You remind them about the services rendered by Abdus Sattar Edhi and his Foundation for the needy and they reply one swallow doesn’t make a summer. You remind them of the great work that SIUT, Layton Rahmatullah Benevolent Trust with its 14 eye hospitals all over Pakistan, The Citizens Foundation with its 300-plus schools for children from economically under-privileged families and the dozens of lesser known organisations are doing and the skeptics find faults with all of them.

The other kind of people, who are luckily more in number, look at the glass as half full. They pine for the city and its people. When scraping snow or washing their vehicles, removing dead leaves or having a burger (for want of time to prepare a proper meal) at lunch or dinner, they remember Karachi with nostalgia.

“What a luxury it was to live there. You could get help at affordable prices,” may well be their refrain. “There are grandparents to look after the kids. No baby sitter can shower the kids with so much love and care as nani and dadi or nana and dada do. The support system back home is worth its weight in gold,” is a comment one hears frequently. Back home one is not lonely when one falls ill.

Aqib Siddiqi, a physical therapist in Detroit, dreams of Karachi and the street cuisine it offers every night.

The day he lands in the city he spent his formative years in, he makes a beeline for Burnes Road – whatever the hour. He has no problem with traffic and insists his brother let him drive from the airport to home. For him, a trip to Karachi is alwaus a delight.

Road mishaps during rain

The recent rain saw more road mishaps than usual normal situation. The cause, many roads had long trenches and potholes. Though the downpour was unexpectedly heavy, warning had come several days in advance. At one place in F.B. Area, at least 10 big and small vehicles plunged in a one-kilometre-long trench along Block 14. A heavy crane was the first to fall. Several cars, vans and buses plunged one after the other at different sections of the road over the next hour. A motorcycle carrying three riders also plunged in.

The people present helped them out of the trench. The owners of the trapped vehicles had a tough task extracting them and had to seek help from labourers using ropes.

The vehicle-owners are not amused by the civic agencies performance. One such owner said whenever a political, religious or some other organisation holds a public gathering or congregation these civic agencies make elaborate arrangements for them. Unfortunately, when it comes to preventing mishaps and protecting citizens in emergencies, no civic agency plays an active role.

Hospital menu

Hospitals should provide care and peace to patients who come to it for treatment. A few weeks ago, I visited a large private hospital and was amused to see anyone could walk into the intensive care unit. I became an eye-witness to the fact while visiting an ailing relative; how was I permitted to go inside an intensive care unit? The hospital had no strict rules as every visitor was allowed to meet and talk to patients.

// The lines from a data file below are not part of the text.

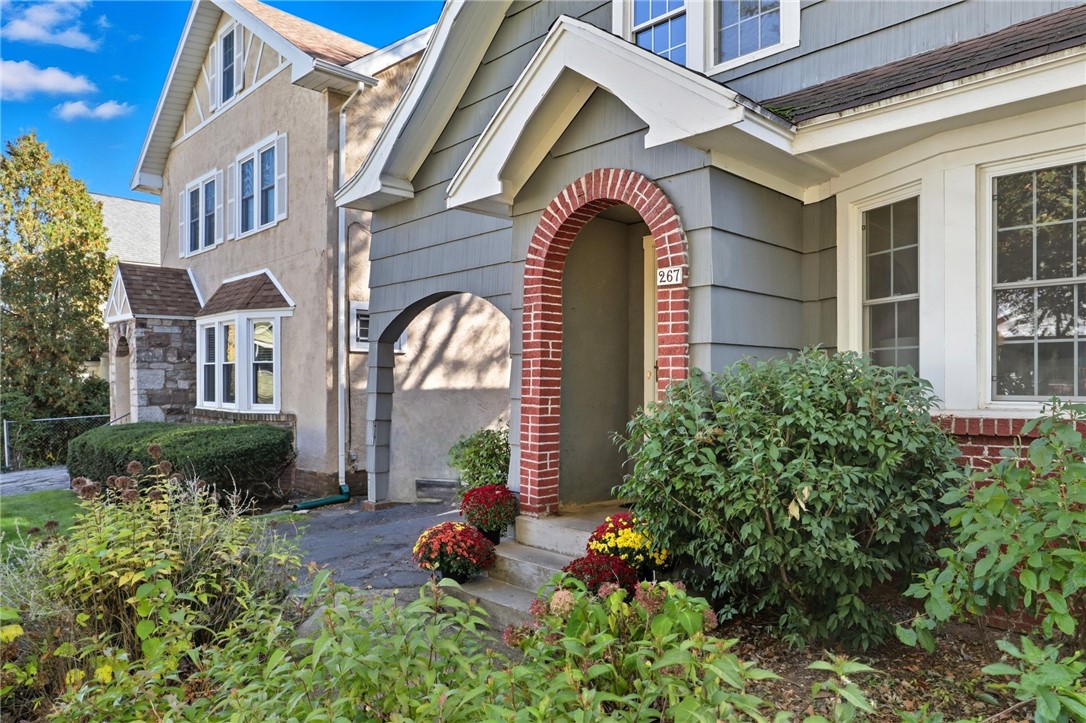 267 Laurelton Road Irondequoit, NY 14609 - Photo 3 of 37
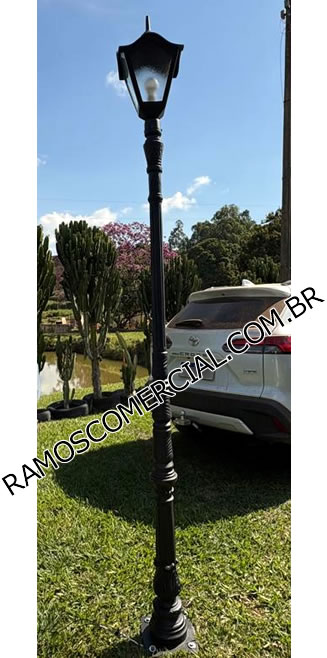 Poste de luz colonial para condomínio e área de lazer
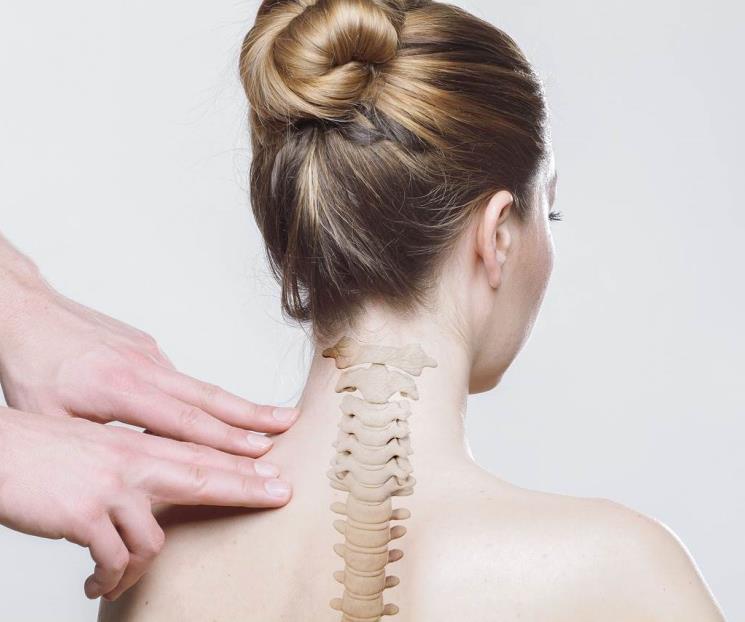 Relaja tu cuello con este simple ejercicio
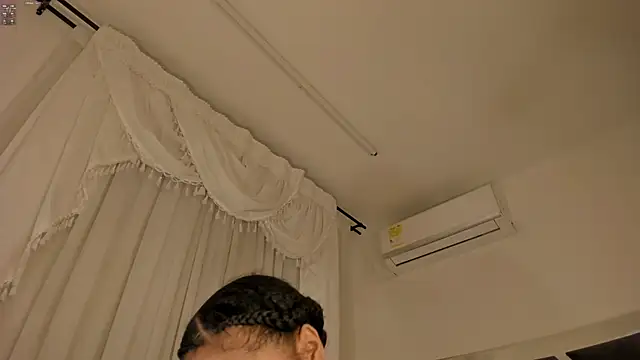 Samanntha_RoseのライブXXXチャット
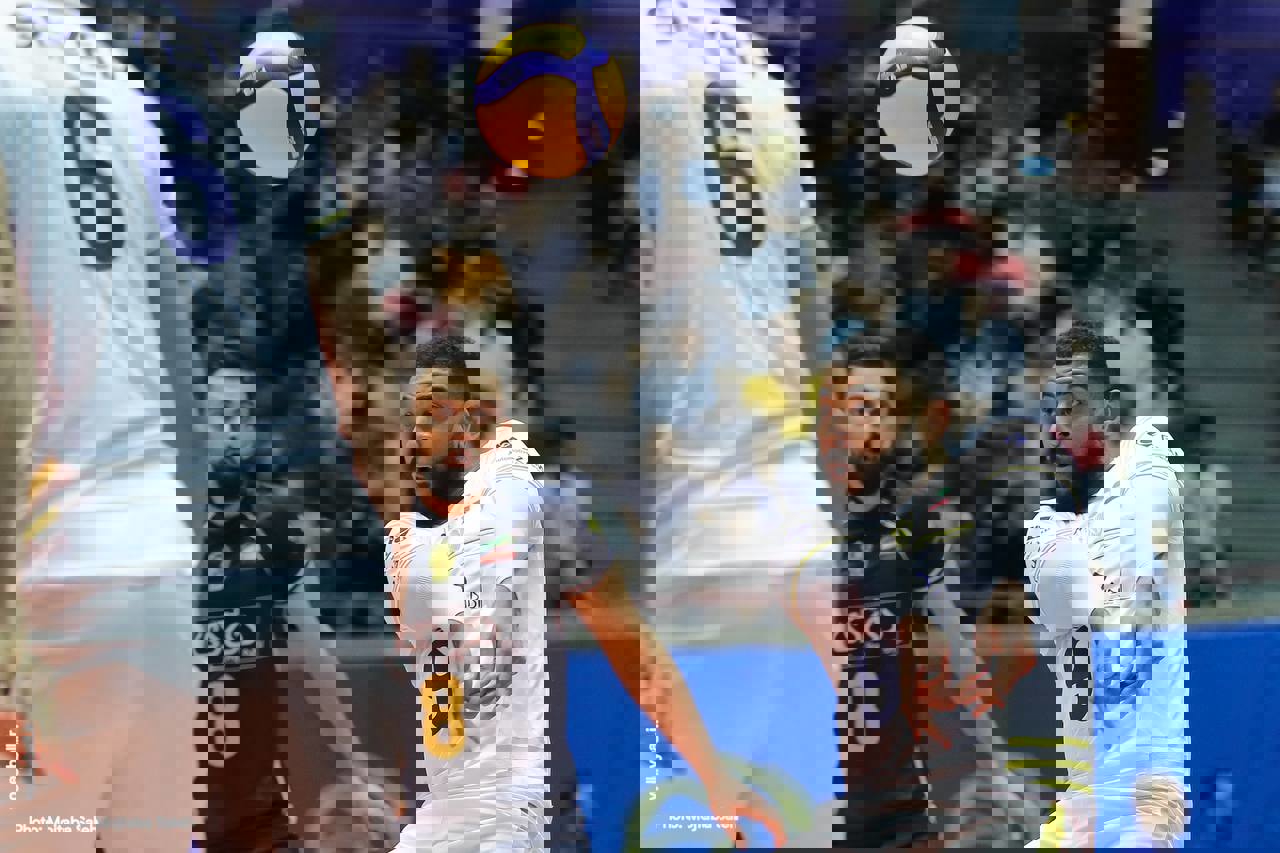 1713835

That is not all the poor quality of food served to serious patients is also questionable. The hospital management should explain why chickpeas (Channay key daal) is a regular meal for patients. This hospital also operates a medical college, so one wonders what our new generation of doctors is learning through these practices.

I even got VIP room of the paralysis ward. A big room with two rusted beds and chipped walls with big cracks. But wait the worst part was the deafening noise of traffic and the view behind the curtained window.

A peek behind the curtain revealed the window opened on the road, and one can hail a taxi directly from the room.

The staff were as bad. Nurses and the lower staff took a lifetime to attend patients calls, water bottles were provided every 24 hours and the hospital management favourite dish on the menu, (Chanay ki daal) served every second day. One wonders what doctors have to say about such meals for patients prescribed bed rest.

If this is how private hospitals with adequate resources function, one shudders to think how the government hospitals facing continuous funds shortage are faring.